When Daleks Were Scary
As villains with a storied history in the science fiction pantheon, I have to say that Daleks have never particularly impressed me. Sure they have a fantastically awesome catch phrase, but for a species without remorse bent on taking over the universe, their character design is kitschy as all hell. British kids laugh at the Daleks.
I mean, come on, they were slotted to be in a porn. A porn. Darth Vader is never going to find himself in a porn. That’s because Darth Vader effing rocks. In fact, the writers of Doctor Who seem to have a bunch of scenes thrown in where the Daleks kill extras just to establish the fact that they’re badasses.
I’ve always kind of wondered about that, though. I guess at some point in the 80s, people really dug the Daleks and thought they were some freaky stuff just on their own. Never had evidence to point to that though.
Thanks to Wikipedia and a good reference from USBFB ally Garett, that historical ambiguity can now be resolved:
“In a 2006 interview with Sky News, Prince Andrew, Duke of York said that he hid from Daleks behind a Windsor Castle settee while watching Doctor Who as a child. The Economist has presented “hiding behind the sofa whenever the Daleks appear” as a British cultural institution on par with Bovril and tea-time.”
The aesthetics of fear, they do change, I guess.

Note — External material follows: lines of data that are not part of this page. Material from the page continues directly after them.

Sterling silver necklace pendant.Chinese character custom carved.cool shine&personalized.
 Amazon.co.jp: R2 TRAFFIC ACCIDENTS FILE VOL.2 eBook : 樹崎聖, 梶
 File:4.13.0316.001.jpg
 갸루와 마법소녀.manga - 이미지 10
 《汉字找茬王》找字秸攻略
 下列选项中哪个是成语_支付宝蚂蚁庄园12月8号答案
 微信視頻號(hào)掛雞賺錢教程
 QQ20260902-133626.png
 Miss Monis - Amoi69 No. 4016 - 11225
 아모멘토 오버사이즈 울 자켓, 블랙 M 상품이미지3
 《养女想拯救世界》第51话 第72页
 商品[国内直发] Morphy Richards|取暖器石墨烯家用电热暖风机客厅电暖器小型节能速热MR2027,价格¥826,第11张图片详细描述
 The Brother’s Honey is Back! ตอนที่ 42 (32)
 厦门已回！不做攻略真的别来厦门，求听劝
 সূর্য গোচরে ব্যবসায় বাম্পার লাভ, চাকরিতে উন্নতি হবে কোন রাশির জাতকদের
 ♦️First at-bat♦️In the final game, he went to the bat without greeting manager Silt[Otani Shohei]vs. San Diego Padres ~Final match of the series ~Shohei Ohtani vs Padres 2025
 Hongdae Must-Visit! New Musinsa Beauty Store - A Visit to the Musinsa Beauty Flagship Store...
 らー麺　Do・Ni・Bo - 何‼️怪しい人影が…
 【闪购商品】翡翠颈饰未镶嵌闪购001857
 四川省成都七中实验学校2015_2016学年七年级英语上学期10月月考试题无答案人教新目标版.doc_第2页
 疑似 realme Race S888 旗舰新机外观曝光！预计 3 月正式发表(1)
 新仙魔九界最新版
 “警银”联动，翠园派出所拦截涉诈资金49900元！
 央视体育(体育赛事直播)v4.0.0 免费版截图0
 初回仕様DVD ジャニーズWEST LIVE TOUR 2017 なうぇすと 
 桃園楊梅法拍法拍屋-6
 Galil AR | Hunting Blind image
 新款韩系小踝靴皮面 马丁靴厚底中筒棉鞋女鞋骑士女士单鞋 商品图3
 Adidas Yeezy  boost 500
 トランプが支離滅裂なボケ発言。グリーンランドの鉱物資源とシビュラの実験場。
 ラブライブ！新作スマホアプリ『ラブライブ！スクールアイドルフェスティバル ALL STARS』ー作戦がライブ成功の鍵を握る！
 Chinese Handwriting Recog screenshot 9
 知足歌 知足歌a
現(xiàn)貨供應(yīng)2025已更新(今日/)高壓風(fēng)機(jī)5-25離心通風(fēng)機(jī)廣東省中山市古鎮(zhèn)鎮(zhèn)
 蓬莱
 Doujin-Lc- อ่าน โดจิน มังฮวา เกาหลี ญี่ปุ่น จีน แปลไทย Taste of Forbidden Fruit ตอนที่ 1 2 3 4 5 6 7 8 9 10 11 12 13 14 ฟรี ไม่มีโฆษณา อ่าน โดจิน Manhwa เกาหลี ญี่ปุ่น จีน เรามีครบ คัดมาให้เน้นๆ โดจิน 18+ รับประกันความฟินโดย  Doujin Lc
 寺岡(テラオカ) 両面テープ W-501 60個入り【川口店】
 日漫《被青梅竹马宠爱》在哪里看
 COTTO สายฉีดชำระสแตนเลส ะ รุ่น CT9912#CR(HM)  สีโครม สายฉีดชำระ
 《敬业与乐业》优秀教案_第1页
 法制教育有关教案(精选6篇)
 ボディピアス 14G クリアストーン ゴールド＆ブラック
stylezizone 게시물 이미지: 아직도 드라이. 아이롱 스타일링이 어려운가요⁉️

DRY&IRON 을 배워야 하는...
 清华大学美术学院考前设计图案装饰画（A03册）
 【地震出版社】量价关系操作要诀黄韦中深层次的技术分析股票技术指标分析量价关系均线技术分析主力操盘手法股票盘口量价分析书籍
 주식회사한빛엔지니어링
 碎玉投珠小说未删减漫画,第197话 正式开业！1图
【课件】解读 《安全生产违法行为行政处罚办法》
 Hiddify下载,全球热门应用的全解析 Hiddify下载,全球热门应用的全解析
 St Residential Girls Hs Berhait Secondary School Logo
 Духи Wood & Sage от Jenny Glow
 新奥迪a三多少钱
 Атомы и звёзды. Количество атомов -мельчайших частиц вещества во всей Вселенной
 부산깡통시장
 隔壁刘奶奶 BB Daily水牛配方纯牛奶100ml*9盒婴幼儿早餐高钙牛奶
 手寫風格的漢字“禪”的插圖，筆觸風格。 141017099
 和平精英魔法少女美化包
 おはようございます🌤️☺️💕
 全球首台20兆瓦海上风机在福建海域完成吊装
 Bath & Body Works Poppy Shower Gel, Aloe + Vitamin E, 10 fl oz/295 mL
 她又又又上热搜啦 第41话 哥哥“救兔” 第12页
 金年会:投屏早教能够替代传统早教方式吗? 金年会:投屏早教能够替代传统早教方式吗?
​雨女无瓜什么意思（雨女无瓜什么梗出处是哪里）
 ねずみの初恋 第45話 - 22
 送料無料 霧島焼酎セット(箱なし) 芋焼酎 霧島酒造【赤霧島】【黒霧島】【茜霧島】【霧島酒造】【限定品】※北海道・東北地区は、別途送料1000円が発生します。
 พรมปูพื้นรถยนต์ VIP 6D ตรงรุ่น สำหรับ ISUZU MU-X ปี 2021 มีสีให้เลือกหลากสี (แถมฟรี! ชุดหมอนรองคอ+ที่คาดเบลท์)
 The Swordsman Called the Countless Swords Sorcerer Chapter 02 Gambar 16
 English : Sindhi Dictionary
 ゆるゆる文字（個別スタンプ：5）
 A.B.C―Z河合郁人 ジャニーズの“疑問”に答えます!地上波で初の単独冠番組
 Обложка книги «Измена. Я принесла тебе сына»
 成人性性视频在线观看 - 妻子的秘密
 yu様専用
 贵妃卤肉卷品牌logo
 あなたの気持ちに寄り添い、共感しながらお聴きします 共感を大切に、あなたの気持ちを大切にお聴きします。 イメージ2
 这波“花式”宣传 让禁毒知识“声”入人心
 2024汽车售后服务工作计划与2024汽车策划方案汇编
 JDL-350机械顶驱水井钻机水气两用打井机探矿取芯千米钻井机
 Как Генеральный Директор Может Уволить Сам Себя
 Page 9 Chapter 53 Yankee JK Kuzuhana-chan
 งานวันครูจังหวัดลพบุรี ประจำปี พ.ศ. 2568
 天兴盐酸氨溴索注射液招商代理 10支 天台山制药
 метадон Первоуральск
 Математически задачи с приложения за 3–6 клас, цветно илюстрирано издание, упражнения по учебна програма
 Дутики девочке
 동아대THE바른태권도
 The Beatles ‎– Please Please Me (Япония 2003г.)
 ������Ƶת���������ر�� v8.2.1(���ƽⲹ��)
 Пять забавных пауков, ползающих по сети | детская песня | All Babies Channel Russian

I wonder if each generation gets its own vulnerability to a particular pattern of fear. Robots/mechanical stuff are only lame as villains to us now because we’re psychologically more at ease with “smart” technologies in our everyday lives. Having some trouble picking out the major “type” of boogeyman in the 2000s, though. Creepy supernatural girls? Dutch businessmen? Avenging puppet-based psychos?